"""

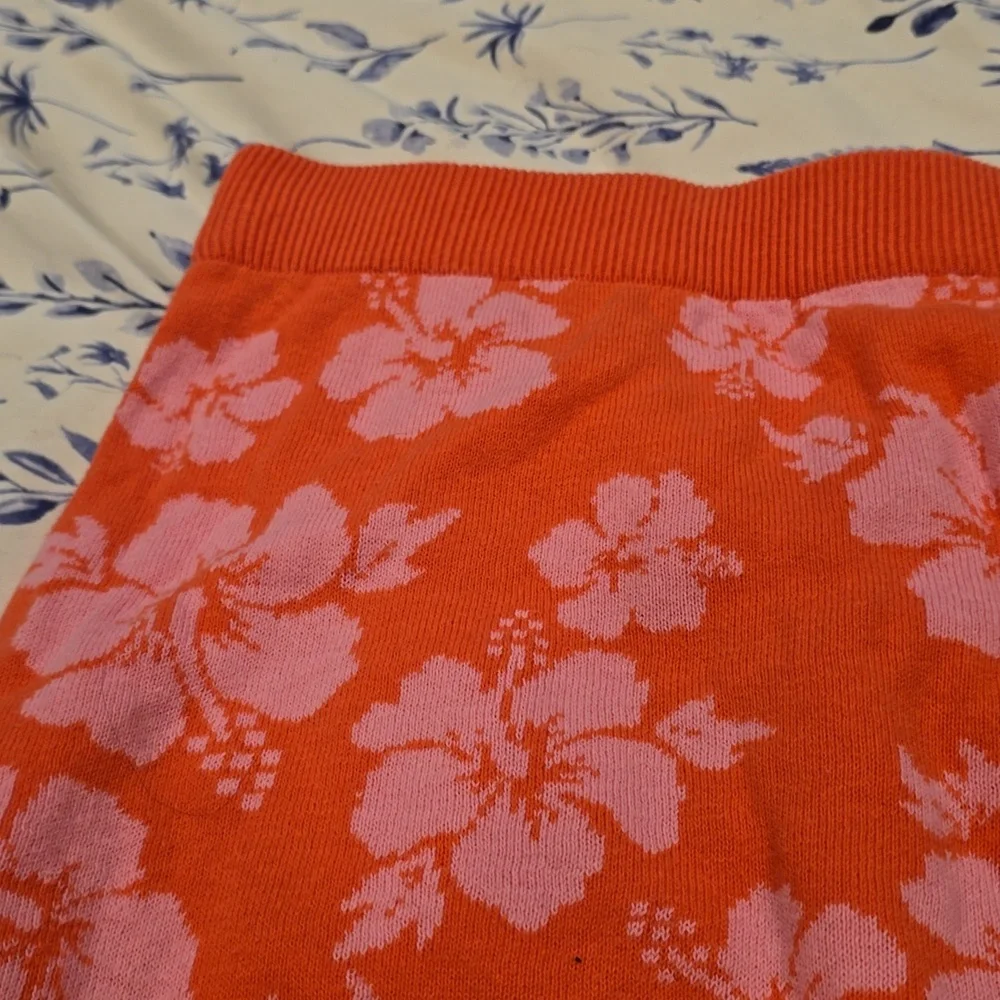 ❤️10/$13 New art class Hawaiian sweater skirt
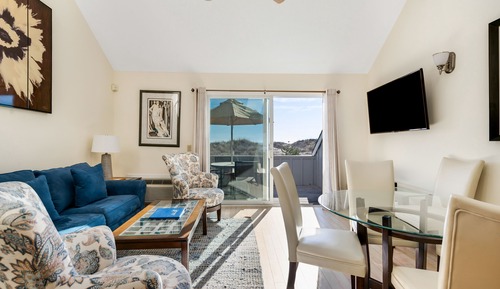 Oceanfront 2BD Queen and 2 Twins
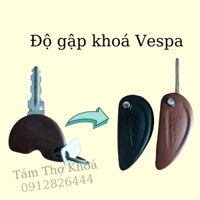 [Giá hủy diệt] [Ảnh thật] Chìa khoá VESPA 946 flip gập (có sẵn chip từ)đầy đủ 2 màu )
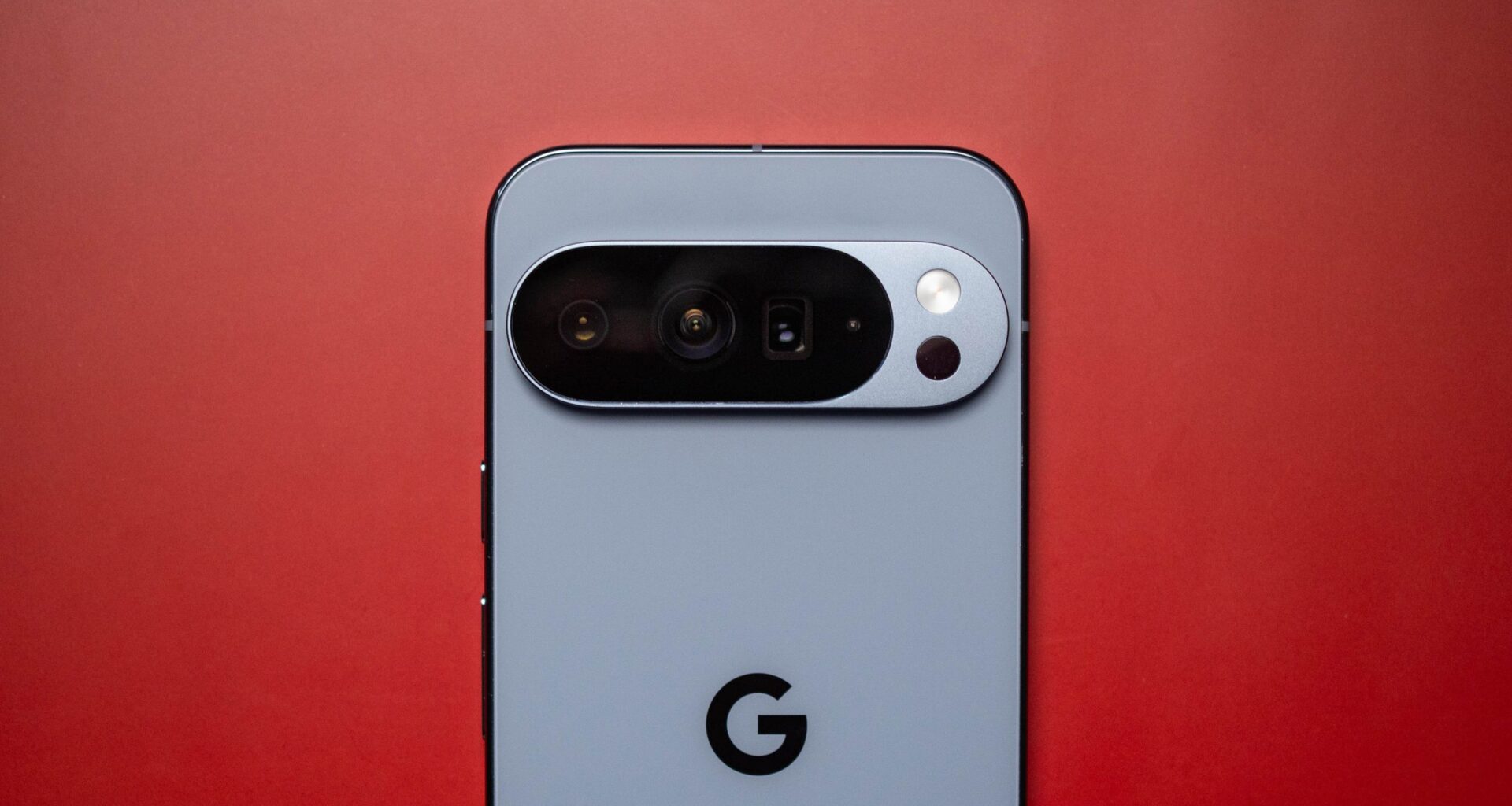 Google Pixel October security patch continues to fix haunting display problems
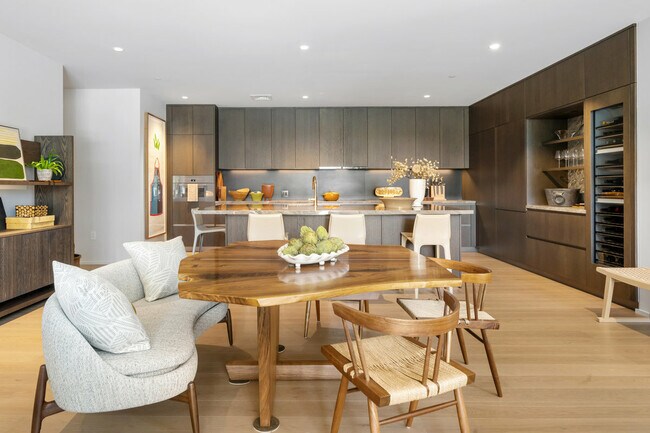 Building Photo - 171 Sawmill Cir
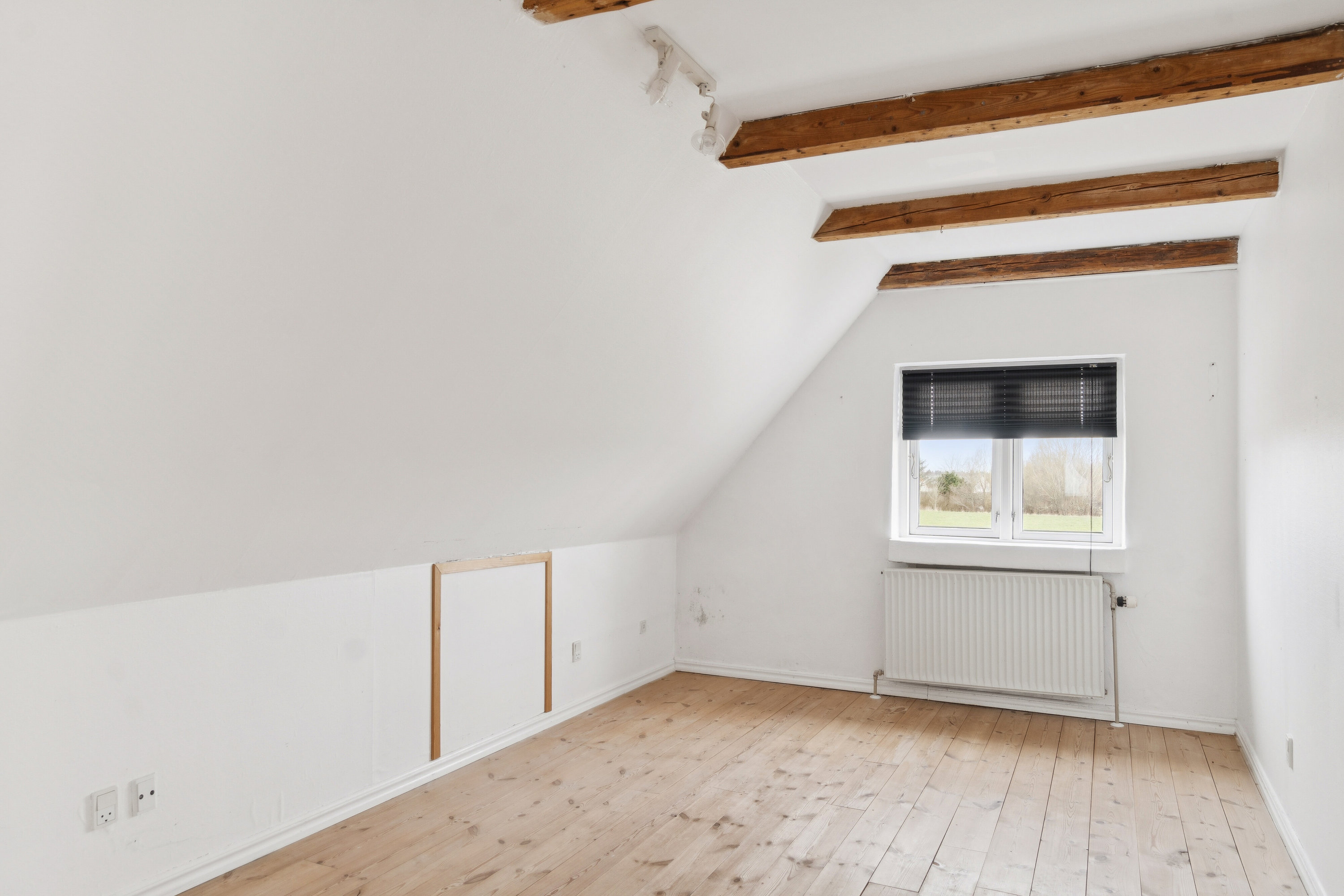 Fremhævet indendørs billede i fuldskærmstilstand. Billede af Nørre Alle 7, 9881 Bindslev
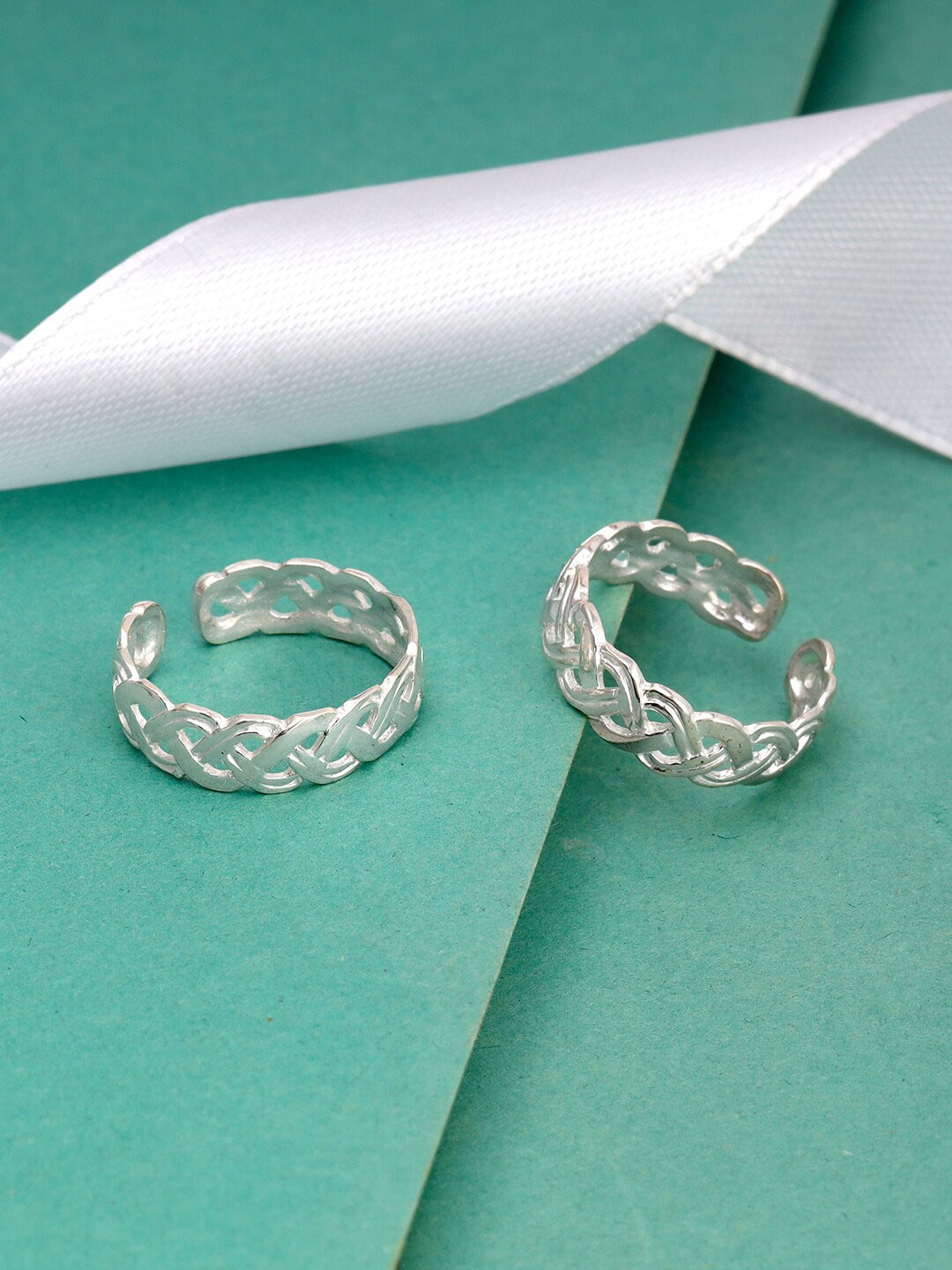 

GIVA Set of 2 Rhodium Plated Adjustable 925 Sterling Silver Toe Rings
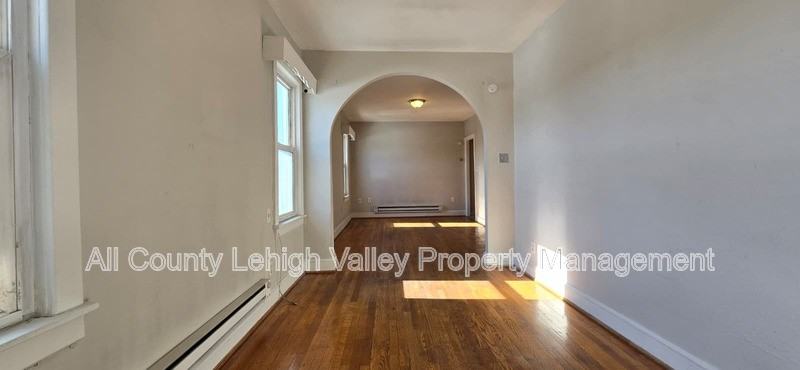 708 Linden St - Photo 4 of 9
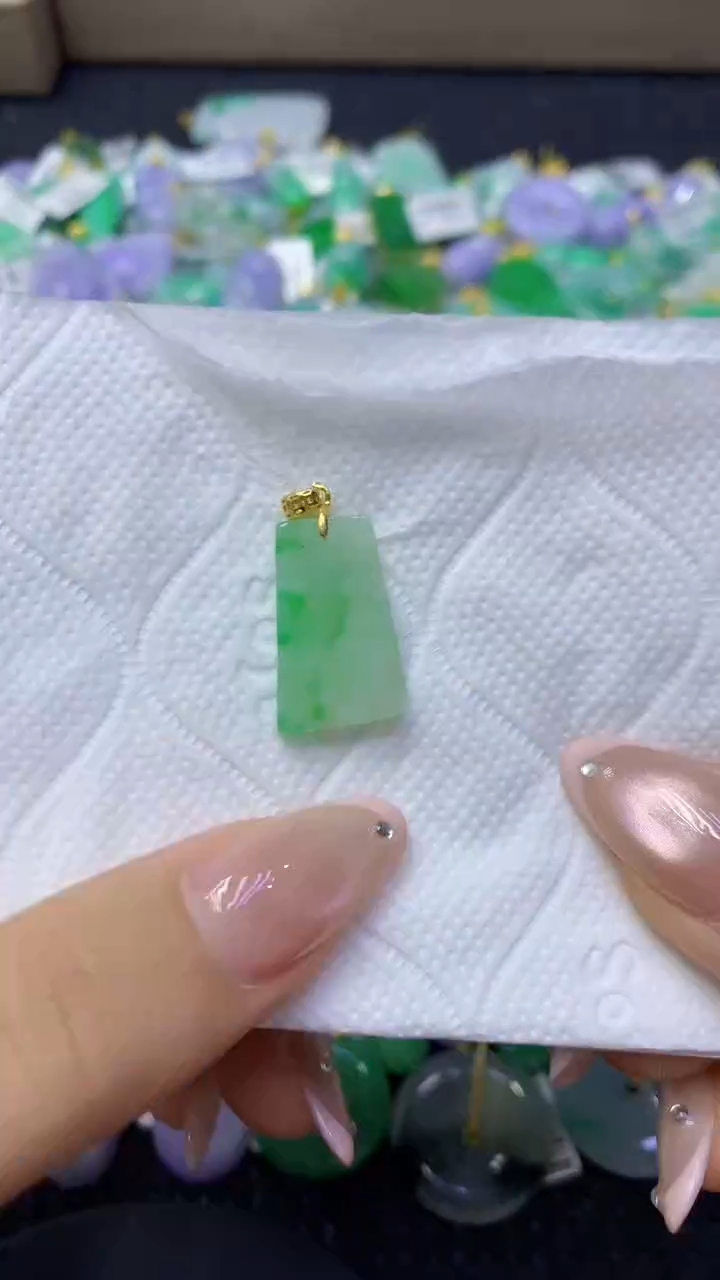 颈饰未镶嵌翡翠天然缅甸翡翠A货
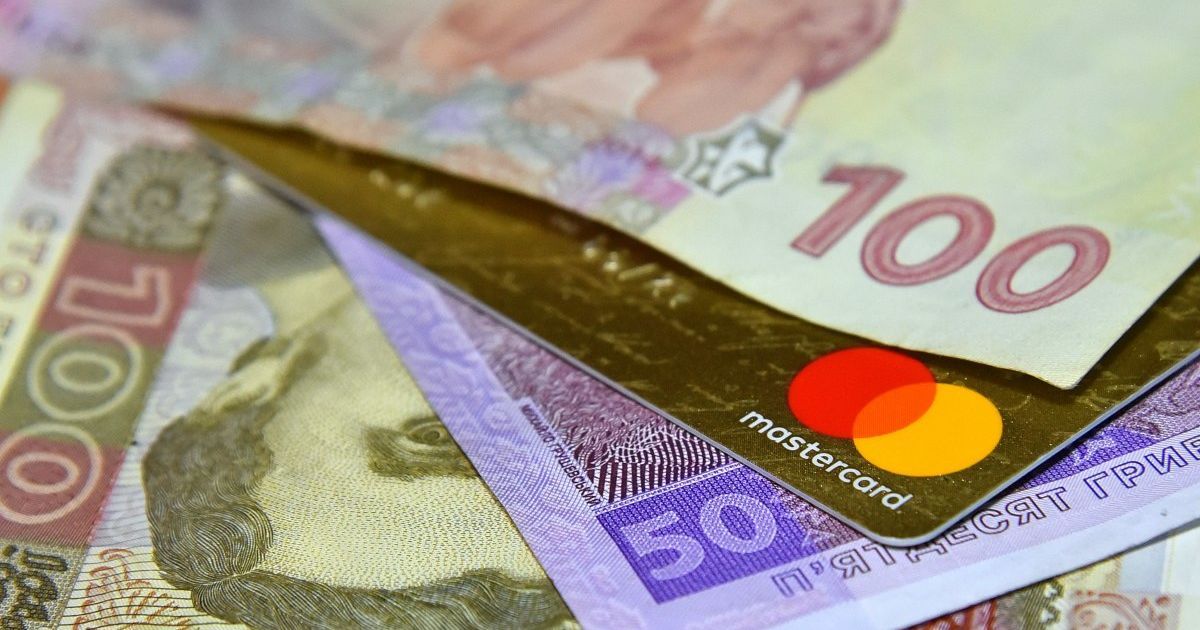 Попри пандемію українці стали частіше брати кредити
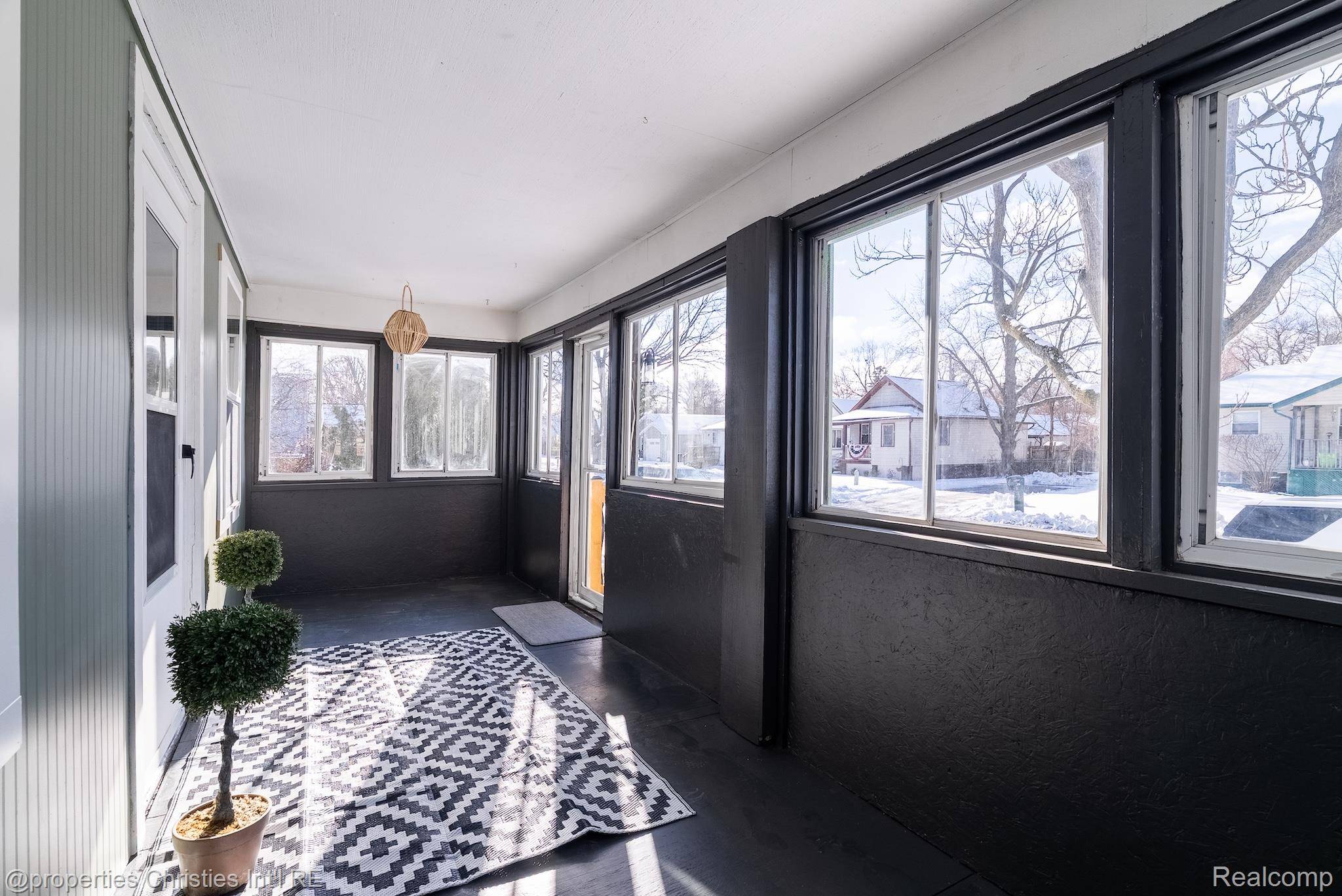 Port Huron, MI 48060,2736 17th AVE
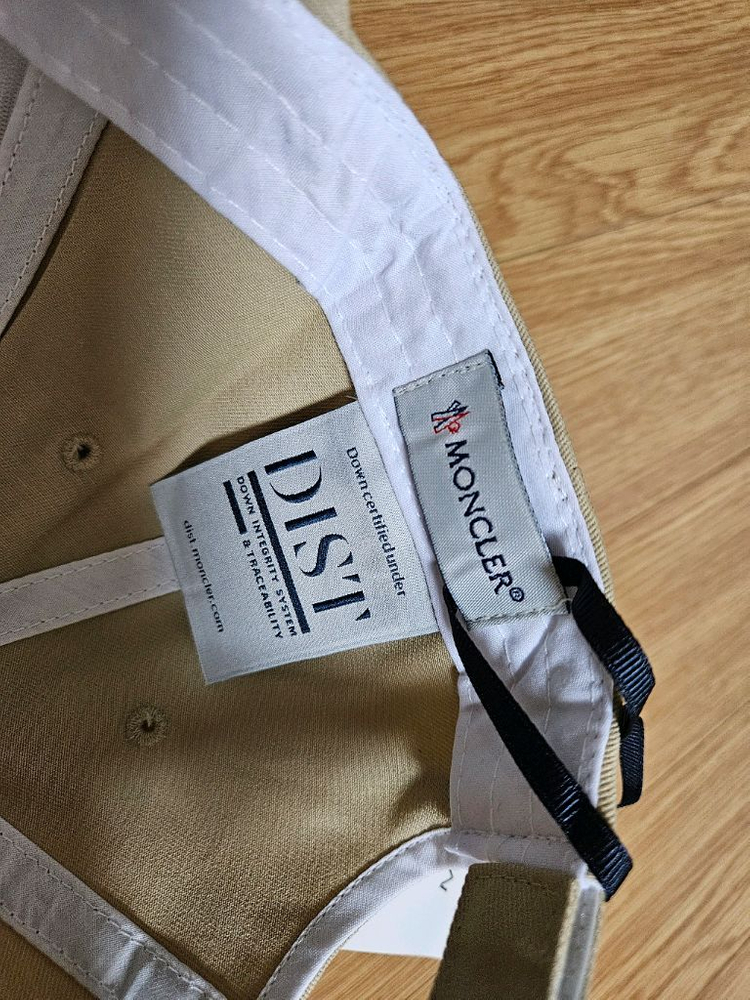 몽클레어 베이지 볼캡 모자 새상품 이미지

"""

## EXERCISE
Copy nothing but the lines from the line that contains "GIVA Set of" through the end of the listing, exactly, and keep pictures out of it.

## TASK RESULT
GIVA Set of 2 Rhodium Plated Adjustable 925 Sterling Silver Toe Rings
 708 Linden St - Photo 4 of 9
 颈饰未镶嵌翡翠天然缅甸翡翠A货
 Попри пандемію українці стали частіше брати кредити
 Port Huron, MI 48060,2736 17th AVE
 몽클레어 베이지 볼캡 모자 새상품 이미지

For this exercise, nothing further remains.